Sécurité - Manuel Valls veut mettre fin au "chiffre unique" de la délinquance
Dans son discours-cadre du 19 septembre, le ministre de l'Intérieur a dit vouloir rompre avec la "politique du chiffre" de l'ère Sarkozy, annonçant une grande réforme de l'appareil statistique vieux de quarante ans et souvent décrié. "Il faut sortir de l'instrumentalisation politique et médiatique permanente de données", a-t-il déclaré devant les directeurs départementaux de police (DDSP) et les commandants de groupements de gendarmerie réunis à l'Ecole militaire.

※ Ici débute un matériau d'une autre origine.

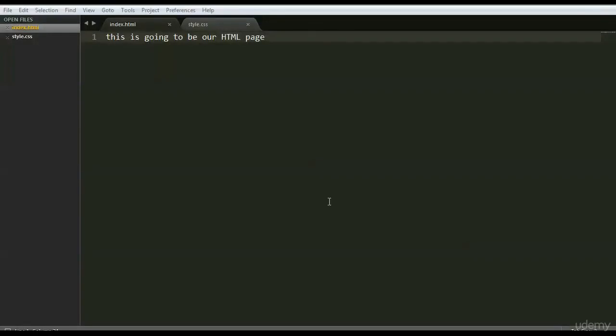Today we're going to discover what is the basic syntax for writing HTML. Don't let this intimidate you — it's actually pretty simple. I'm in Sublime Text right now. I encourage you to be in either Sublime Text or Notepad++, whatever you have on your computer. And what we're going to do is just start writing an HTML page.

S'attaquer au "chiffre unique" qui totalise des infractions qui n'ont souvent qu'un lointain rapport (homicides, vols, escroqueries...) est un vieux serpent de mer du ministère de l'Intérieur. C'est déjà ce qui avait motivé Nicolas Sarkozy en créant, en 2004, l'Observatoire national de la délinquance et des réponses pénales (ONDRP), longtemps présidé par le criminologue Alain Bauer, proche de Manuel Valls et grand pourfendeur du "chiffre magique". De fait, l'ONDRP s'est évertué depuis sa création à affiner les statistiques de la délinquance reposant sur les plaintes et à donner une perception du "chiffre noir", c'est-à-dire la part non déclarée de la délinquance, à travers des enquêtes de victimation.

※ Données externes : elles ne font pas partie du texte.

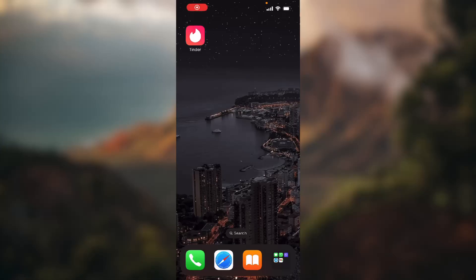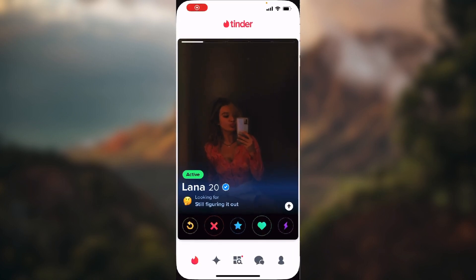How to block someone on Tinder. Hello guys, in this video I'm going to show you how you can block someone on Tinder application. So let's open up Tinder and it's very simple.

Le chiffre unique a permis aux ministres successifs de se prévaloir d'une baisse de la délinquance, alors que la baisse sensible des atteintes aux biens ces dernières années masquait la progression non moins forte des violences aux personnes. Et au début de l'année, l'ancien ministre de l'Intérieur Claude Guéant avait lui-même annoncé vouloir s'attaquer à ce chantier... qui reviendra finalement à Manuel Valls. Ce dernier a promis une révision des indicateurs au 1er janvier 2013, sur la base d'un avant-projet de tableau d'indicateurs réalisé par la DGPN (police) et la DGGN (gendarmerie). Ce tableau de bord pourrait notamment comporter un indicateur sur les conflits intra-familiaux "qui n'étaient pas isolés des autres actes de violence", a précisé le ministre. Mais l'outil ne sera validé qu'après une "large concertation" associant l'ONDRP bien sûr, mais aussi l'Insee, les commissions des lois de l'Assemblée et du Sénat, les inspections générales et des chercheurs spécialisés. Ces indicateurs seront complétés par les faits recensés dans les mains courantes des commissariats et gendarmeries (c'est-à-dire tous les faits enregistrés mais qui ne font pas l'objet d'une procédure). Le ministre de l'Intérieur a également annoncé l'extension des pré-plaintes en ligne à tous les départements à partir du 1er janvier... Là encore, il s'agit de mettre en œuvre ce qui était déjà décidé. Les pré-plaintes étaient expérimentées dans deux départements, les Yvelines et la Charente-Maritime depuis 2008. Un arrêté du 30 novembre 2011 avait autorisé leur extension à tout le territoire. Manuel Valls se veut lucide : dans un premier temps, l'ensemble de ces réformes (indicateurs et pré-plaintes) "peut se traduire par une augmentation des statistiques". "J'assume de fait les conséquences de ce travail [qui] rendra plus clair la réalité", a-t-il dit. Son déplacement à Marseille, vendredi 21 septembre, pour l'installation du nouveau préfet de police des Bouches-du-Rhône, Jean-Paul Bonnetain, lui a donné l'occasion de préciser ses intentions : "Je ne veux pas m'enfermer dans un calendrier, mais je veux des résultats. Pas des chiffres."